Source: Marketwatch.com
San Francisco— Gold futures closed with a gain of more than $2 an ounce Wednesday, finding support from a weaker U.S. dollar as the market absorbed the latest Federal Reserve decision to raise interest rates.
"Weakness by the dollar is giving a good push above some technical levels, back above $441," said Thomas Hartmann, an analyst at Altavest Worldwide Trading. "But that's basically it."
The Japanese yen rose against the dollar Wednesday, as a few new details on China's currency policy were seen opening the door to further appreciation in the Asian currencies.
All in all "the market is pretty bearish on the dollar and just wants to drive it down for technical purposes, not by fundamentals," he said.
"Any bullish news is being discounted and ignored, but it's reasonable to expect the dollar to regain some strength at lower levels, probably in the 87-86 range" for the U.S. dollar index, he said.
Against this backdrop, December gold closed at $442 an ounce, up $2.20 on the New York Mercantile Exchange after trading as high as $442.60 earlier.
"The smart money worldwide has already been converting increasingly worthless pieces of paper currencies into 'increasingly worth-full' pieces of precious metal," said John Stafford, editor of Stafford's Investment Strategy Letter. "That process is accelerating."
"The Fed's multi-decade deliberate policy of running a 'well-managed hyperinflation' is becoming less 'well-managed'," he said. "Nothing can stop this process — except a gold-backed currency sytem again," he said, "which will not be done, sadly."
Striking up the price
Adding price support Wednesday: "the mine strike is South Africa appears to be at the bottom of everyone's concerns unless it really drags on," said Hartmann.

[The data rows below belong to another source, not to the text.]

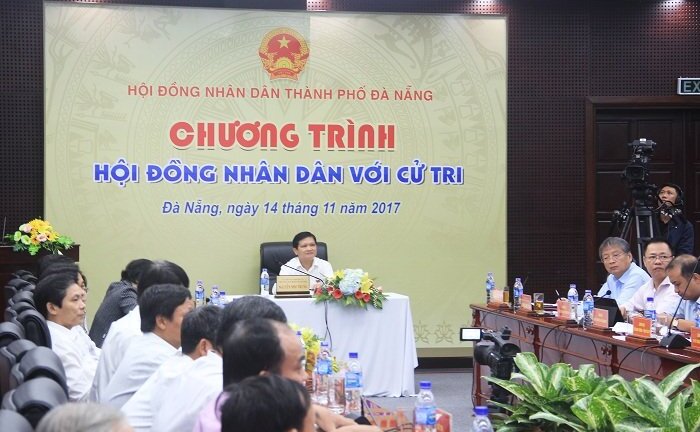 Tại sao ông Nguyễn Xuân Anh vắng mặt tại hoạt động của HĐND Đà Nẵng?
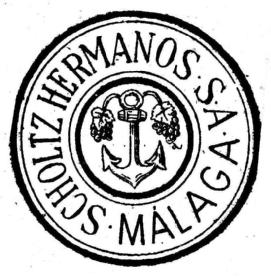 Imagen de SCHOLTZ HERMANOS. S.A. MALAGA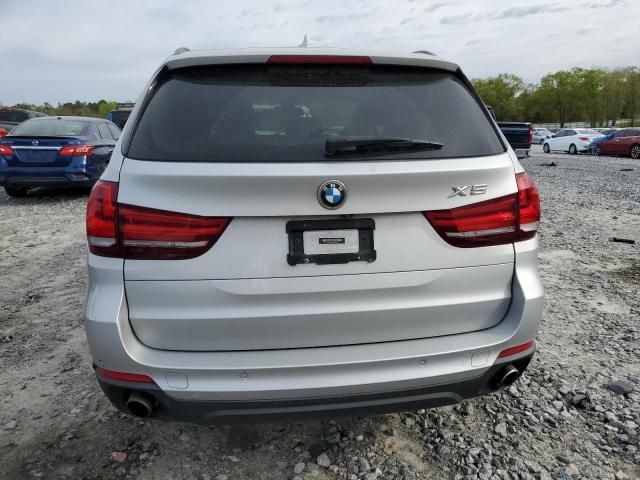 2016 BMW X5 XDRIVE35I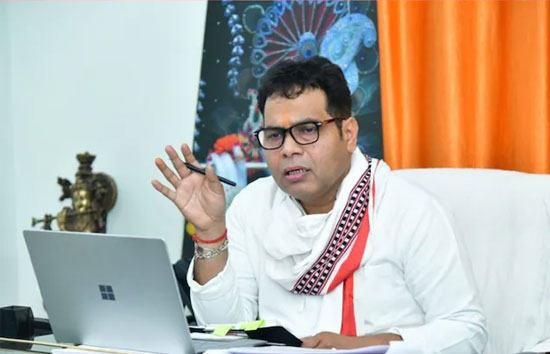 UP Cabinet विस्तार की चर्चाओं के बीच श्रीकांत शर्मा मिल सकती है योगी कैबिनेट में जगह!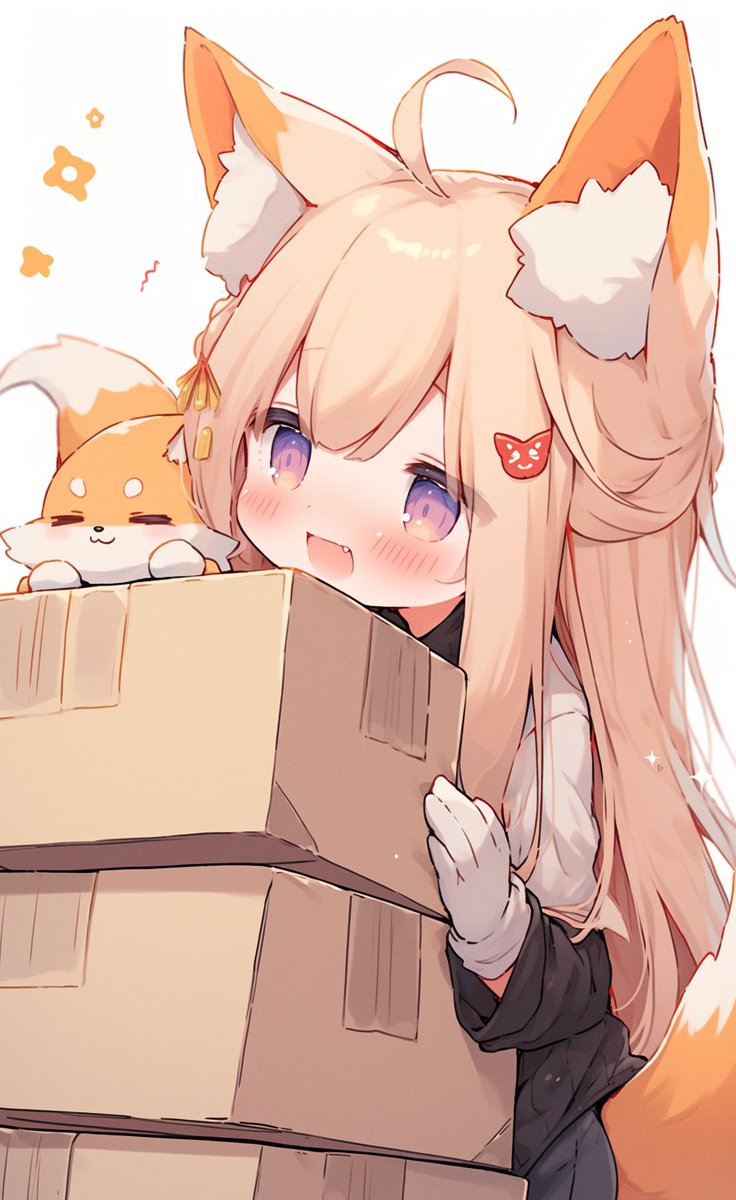 キツネさん＠神@AI術士 (@fox26krystal21) / Highlights / X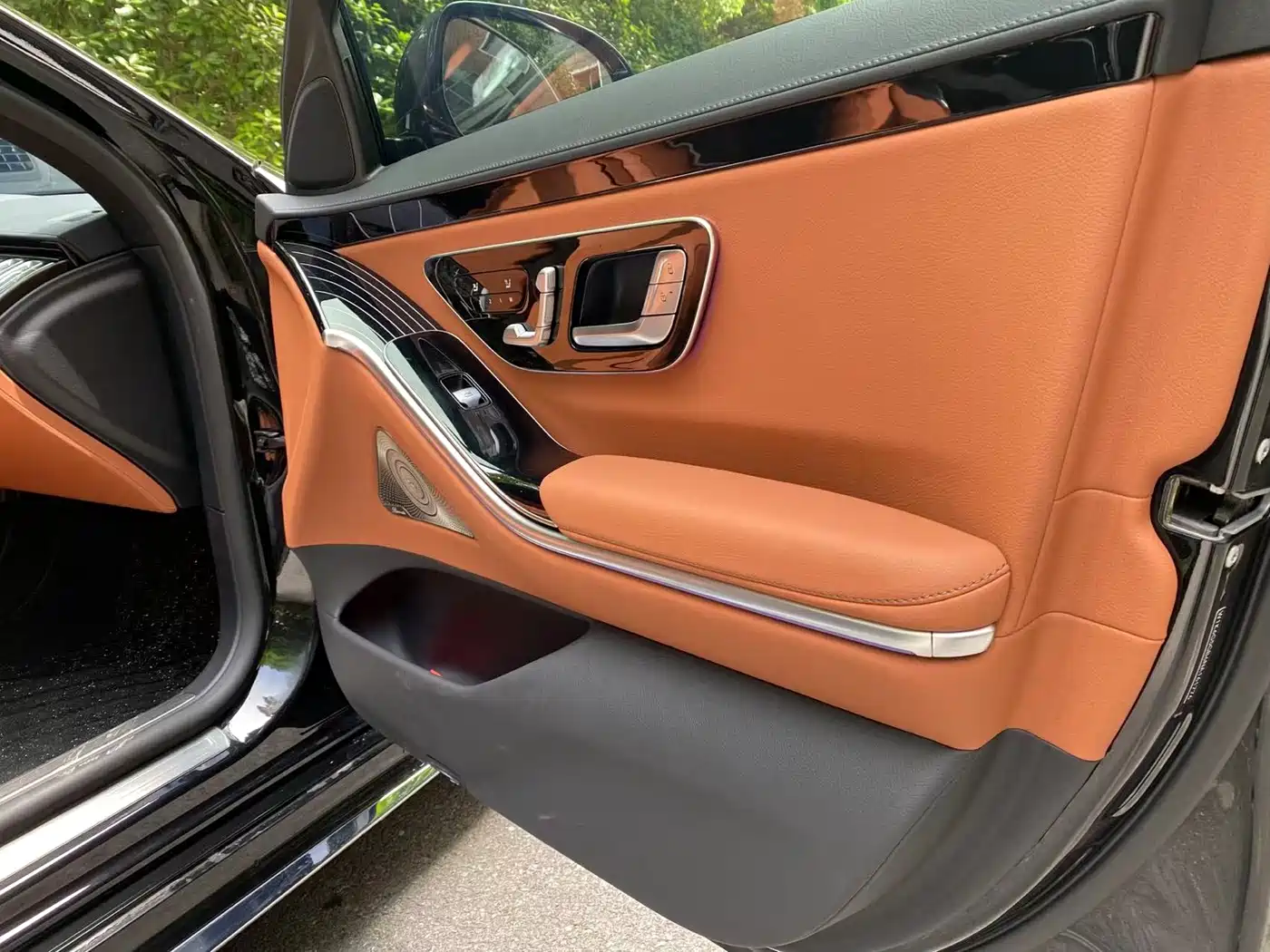 Mercedes-Benz S-Class 2022 Facelift Model S 450 L 4MATIC фото 12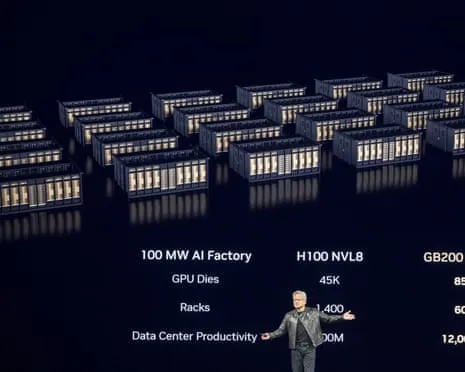 Chip Giant NVIDIA to Invest $5bn in Intel and Forge Tech Partnership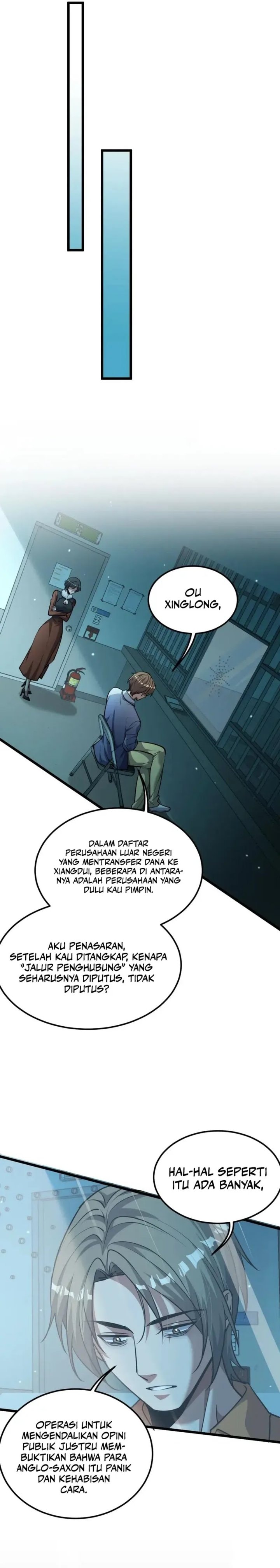 I’m Trapped in This Day for One Thousand Years - Chapter 187 - Page 8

"It appears that the management is willing to be fairly accommodating to some of the concessions but as always, the devil is in the details," he said, adding that miners' unions, at last check, are reportedly asking for a 12% raise, and management was offering 5%.
Meanwhile, "the gold market seems to have weathered the Fed move without too much damage," said Nell Sloane, an analyst at NSFutures.com, in a note to clients.
The Federal Open Market Committee on Tuesday raised its target for short-term interest rates by a quarter percentage point to 3.5% and gave no hint that it will change its pace of incremental increases.
"The retracement in gold could be done, but it's too early to tell," said Dale Doelling, chief market technician at Trends In Commodities. "If that's the case, I expect December gold to take a run at the $451 high made in June," he said.
Elsewhere on Nymex, silver for September delivery closed at $7.078, up 4.3 cents.
September palladium closed down by 45 cents at $187.70 an ounce, and October platinum ended at $907.50 an ounce, down $1.50.
September copper closed at $1.6345 a pound, up 2.7 cents, or 1.7%, after losing 2.4% on Tuesday.
Tracking inventories, copper supplies were down 132 short tons at 9,354 short tons as of late Tuesday, according to Nymex. Silver stocks were unchanged at 111.0 million troy ounces, while gold inventories stood at 5.90 million troy ounces, also flat from the previous session.